As part of the study, 21 locations in Thailand were sampled to collect BmNPV (Wennmann et al., 2024). For a better visualization, a map showing all the provinces of Thailand was created. The provinces were dividgied into four regions. The regions were coloured according to the intensity of agricultural cultivation of mulberry trees. The locations of the BmNPV samples were marked with different symbols, depending on whether they were analysed using whole genome sequencing (WGS) or only partial gene sequencing (Sanger sequencing). Phylogenetic analyses were performed based on the sequence data, and depending on the phylogenetic clade, the symbols on the map were coloured accordingly. This complex representation conveys a lot of interesting information (Figure).

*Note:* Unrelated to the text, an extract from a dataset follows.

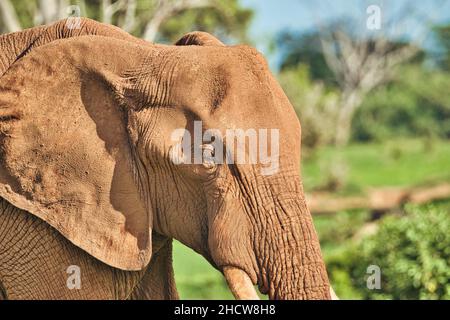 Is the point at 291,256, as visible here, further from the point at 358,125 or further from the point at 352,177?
the point at 358,125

Click here for the R code used to create the figure.
Two phylogenies were constructed based on partially sequenced genes and the sequence of 138 open reading frames. The phylogenies should also be linked to the map and thus to the location where the BmNPV samples were collected. The phylogeny itself was carried out using MEGA and the trees were read into R. Details of the sequence and phylogenetic analysis can be found in the publication (Wennmann et al., 2024).
Click here for the R code used to create the figure.
The geographical information (longitude/latitude) can be used to calculate the distances between the BmNPV collection sites. Genetic distances, in this study the Kimura 2 parameter, can be calculated from the sequence data. A correlation can be used to determine whether there is a correlation between these two.
Click here for the R code used to create the next two figures.
The correlation can also be checked for all CDS individually. The alignments of the individual CDS serve as a basis for this. Output is only generated for the CDS that show a positive correlation.
The alignments of all 138 CDSs of the fully sequenced genomes also allowed the genetic K2P distance to be considered at the level of individual CDSs. This was done by calculating the K2P distance for each CDS and displaying the result in a matrix. It was also possible to check whether there was a correlation between geographical and genetic distance.
Click here for the R code used to create the figure.
Next is a figure of a workflow that can be run on a Galaxy server (usegalaxy.org, usegalaxy.eu). Two inputs are required: (i) BmNPV genomes in FASTA format and (ii) a FASTA file with all CDS of a singe BmNPV (extracted from gff3 or genbank file). During this workflow, homologous genes are searched using Blast and combined with each other. In the last step, all homologous genes are aligned and concatenated. Based on resulting data, a phylogenetic tree can then be constructed or genetic distanced be calculated (see above).